"Very optimised" Julia code 50x slower than Python with compiled functions

StarecZosima · March 28, 2023, 12:57pm

Hi All,
I am doing some Monte Carlo computation using Python (compiling some functions to C++ using the Numba package).
I thought I would see how Julia compares.
As is good programming practice, I scraped some code from the Internet Ising 2D, simulating the same 2D square Ising model I am into. The code is supposedly “very optimised” already.
The fact is, the Python code is almost 50 times faster, two seconds vs approx one hundred.
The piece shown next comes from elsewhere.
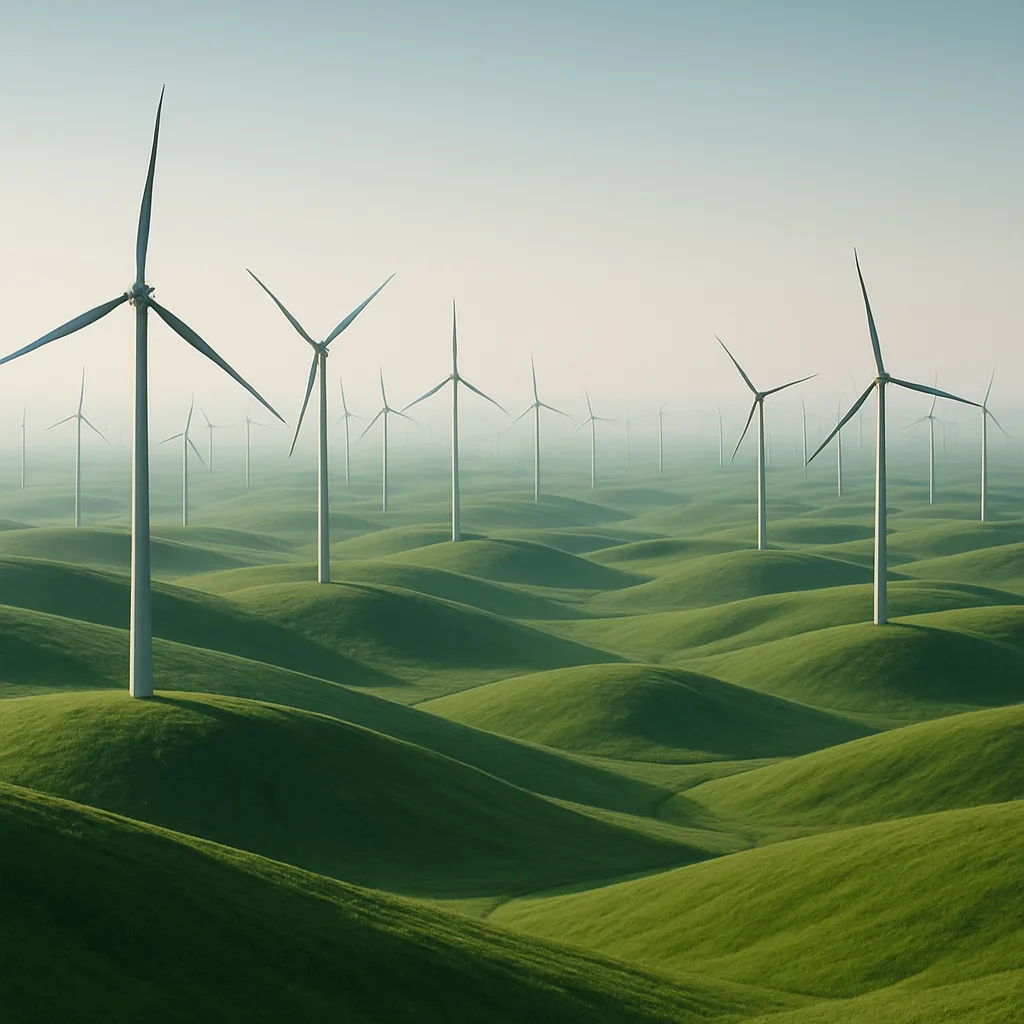 Vast Array of Slender Wind Turbines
The Python code it is not optimised at all, and it does perform additional operations such as appending a values to string for every iteration. They both perform a Metropolis-Hasting iteration for one million iterations, over a 100x100 lattice.
I am totally at a loss. I fear I am missing something silly, but I have been checking all morning.
This is the Julia code

using BenchmarkTools, StaticArrays
using Random: default_rng, seed!

function ising2d_ifelse!(s, β, niters, rng=default_rng())
    m, n = size(s)
    min_h = -4
    max_h = 4
    prob = [1/(1+exp(-2*β*h)) for h in min_h:max_h]
    for iter in 1:niters
        for j in 1:n 
            for i in 1:m
                NN = s[ifelse(i == 1, m, i-1), j]
                SS = s[ifelse(i == m, 1, i+1), j]
                WW = s[i, ifelse(j == 1, n, j-1)]
                EE = s[i, ifelse(j == n, 1, j+1)]
                h = NN + SS + WW + EE
                s[i,j] = ifelse(rand(rng) < prob[h-min_h+1], +1, -1)
            end
        end
    end
end

const β_crit = log(1+sqrt(2))/2
#rand_ising2d(m, n=m) = rand(Int8[-1, 1], m, n)
rand_ising2d(m, n=m) = fill(1,(m,m))

seed!(4649)
s₀ = rand_ising2d(100);

s = copy(s₀)
rng = default_rng()
ising2d_ifelse!(s, β_crit, 10^3, rng)

s = copy(s₀)
steps = 1000000
seed!(4649)
rng = default_rng()
#@benchmark ising2d_ifelse!(s, β_crit, 10^6, rng)
#@time begin
#  ising2d_ifelse!(s, β_crit, 1000000, rng)
#end

time_ising(s, β_crit, steps, rng) = @time  ising2d_ifelse!(s, β_crit, steps, rng)
time_ising(s, β_crit, steps, rng)

and its (compiled) Python counterpart

import numpy as np
from math import exp
from random import randrange, random, choice
from numba import jit

from datetime import datetime
startTime = datetime.now()


@jit(nopython= True)
def init_lowT(N): 
        return  np.ones((N,N))
@jit(nopython= True)        
def init_highT(N):
        l = np.zeros((self.N,self.N),dtype=int)
        for y in range(self.N):
            for x in range(self.N):
                l[x,y] = choice([1,-1])
        return l
    

@jit(nopython= True)
def E_elem(array,x,y, B): 
    N = array.shape[0]
    if B==0: #no magnetic field
        return (-1.0 * array[x,y]*(array[(x + 1) % N, y] +
                                            array[(x - 1 + N) % N, y] +
                                            array[x, (y + 1) % N] +
                                            array[x, (y - 1 + N) % N]))
    else: #there is a magnetic field
        return (-1.0 * array[x,y]*(array[(x + 1) % N, y] +
                                            array[(x - 1 + N) % N, y] +
                                            array[x, (y + 1) % N] +
                                            array[x, (y - 1 + N) % N]) -
                                            array[x,y]*B)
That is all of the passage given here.